SOURCE DATA:
=== Section Start ===
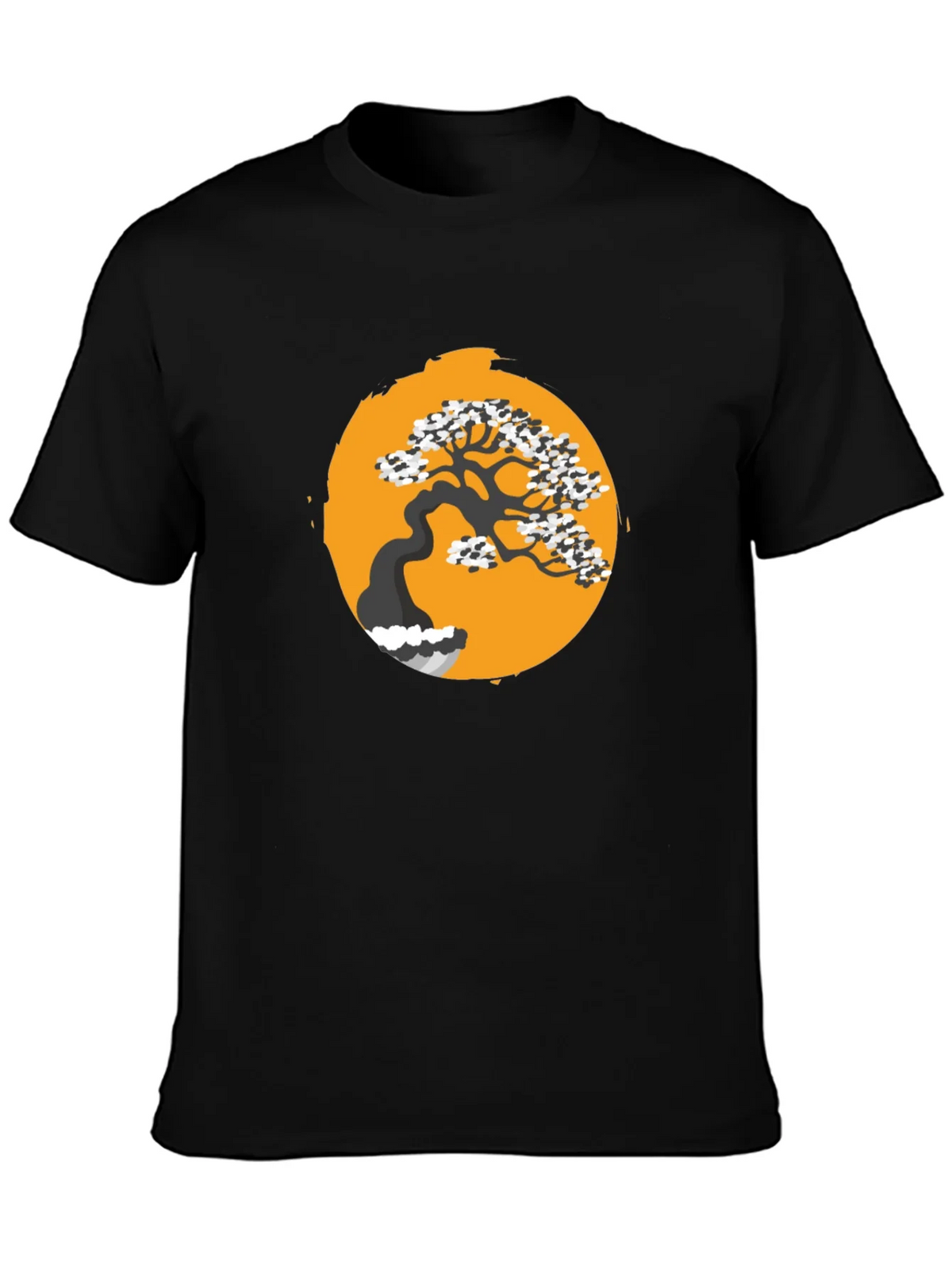 Black Bonsai Tree Graphic Tee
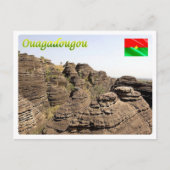 Burkina Faso - Ouagadougou - Peaks of Fabedougou - Briefkaart (Voorkant)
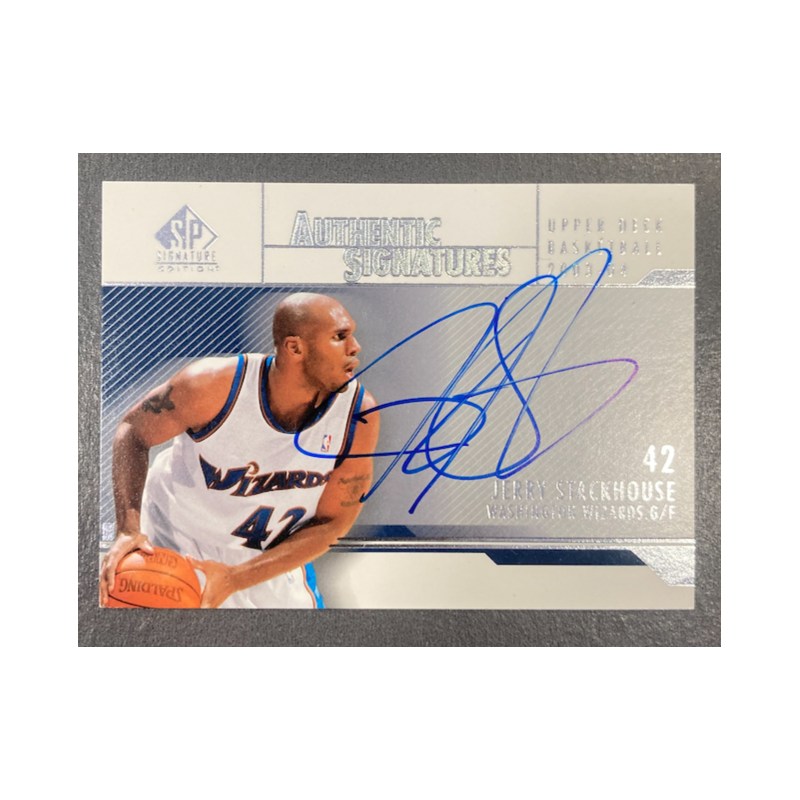 JERRY STACKHOUSE 2003-04 SP SIGNATURE EDITION AUTHENTIC SIGNATURES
=== Section End ===
PROMPT: Set down the material once more, exactly, with the pictures omitted.

RESPONSE TO THIS EXERCISE:
 Black Bonsai Tree Graphic Tee
 Burkina Faso - Ouagadougou - Peaks of Fabedougou - Briefkaart (Voorkant)
 JERRY STACKHOUSE 2003-04 SP SIGNATURE EDITION AUTHENTIC SIGNATURES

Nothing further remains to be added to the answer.